When I started studying C#, I found it interesting how you can take an object of an unknown type and attempt to call any method on it (see C#’s dynamic) . Later on, after finding many benefits of polymorphism and interface contracts, I failed to recognize why you would be willing to lose the elegant governance of interfaces and when you would ever need a “duck type.” As far as I can tell, there is no operation you would want to perform on an object of unrestricted type. Would you hire someone before knowing their skills? If you can write the method ahead of time, then you can predict what operations the object must support and thus what interfaces it must implement. If the interfaces it implementsthe contracts it obeysare not matching the method’s parameter type, you can always wrap it an an adapter.

Runtime Evaluation

After discovering some languages can execute code created dynamically with an eval() statement, I seeked cases where I would want to use it. With much consideration, it seems there are few benefits other than allowing a user extensive control over a program.

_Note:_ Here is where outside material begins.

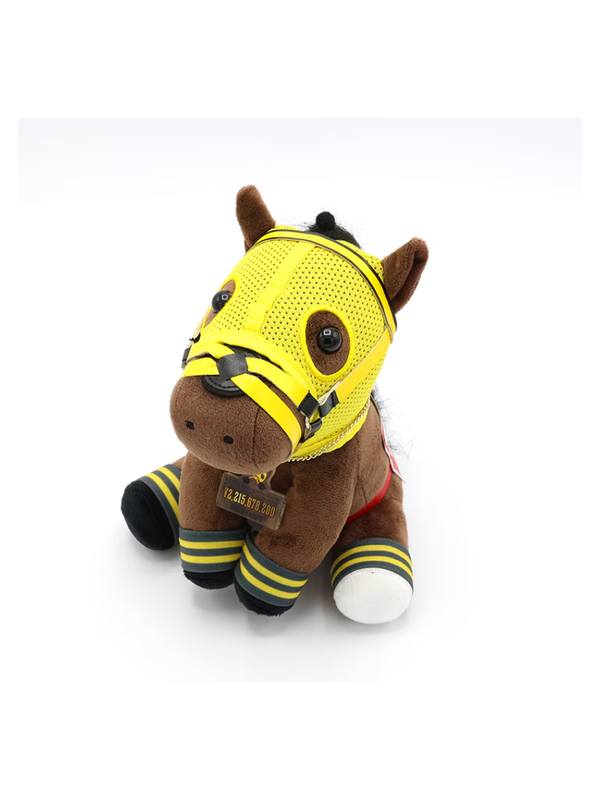 Idol Horse Ushba Tesoro 2023 Dubai World Cup Plush Doll M Size with Commemorative Plate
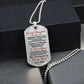 To My Daughter Gift From Dad | Sometimes It's Hard | Dog Tag Necklace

It would make no sense to use an eval() call on a hard-coded string. That isn’t to say it has never been utilized in such a way. Under normal circumstances, you can just paste such string’s contents in the code as code. Alternative behaviors in code can be implemented using regular flow control. The only case runtime evaluation is needed is when some piece of code is not known at compile time, and therefore, determined by an external source. An example of such case is when you need a program to be user-extended or customized.

While the concept may be tempting, I will most likely not use it as it is rare to encounter one of its more suitable scenarios.

What Is Duck Typing Good For?

I don’t doubt that a lot of very useful frameworks utilize duck typing. However, if duck typing did not exist, a more structured design would have been used.

The one benefit I see in duck typing is for rapid prototyping. Having less temptation to think about types, contracts, and object hierarchies reduces analysis paralysis and speeds up development. The lack of type safety and clever structure can be remedied easily after patterns emerge in a mostly procedural-style draft. Instead of having to change both the argument sent to a method and the type of the parameter, you can just change the argument.

An upcoming article on my preference of Python over Java will illustrate this rapid prototyping benefit.

Conclusion

Though these features are not necessities, I argue that the great flexibility of Python allows for quicker development (Python includes duck typing and an eval() function). While it does seem that less options in a programming language reduces improper use, the flexibility of unsafe features allows you to test a new idea faster without having to build the perfect design up front. To avoid losing your train of thought, you may want to test an idea as soon as possible and find the fastest way to invoke an eval() statement. You can always refactor to limit uses of the “sketchy” features. I find I develop most productively when I write quickly first and refactor to a better design after seeing patterns emerge in the code.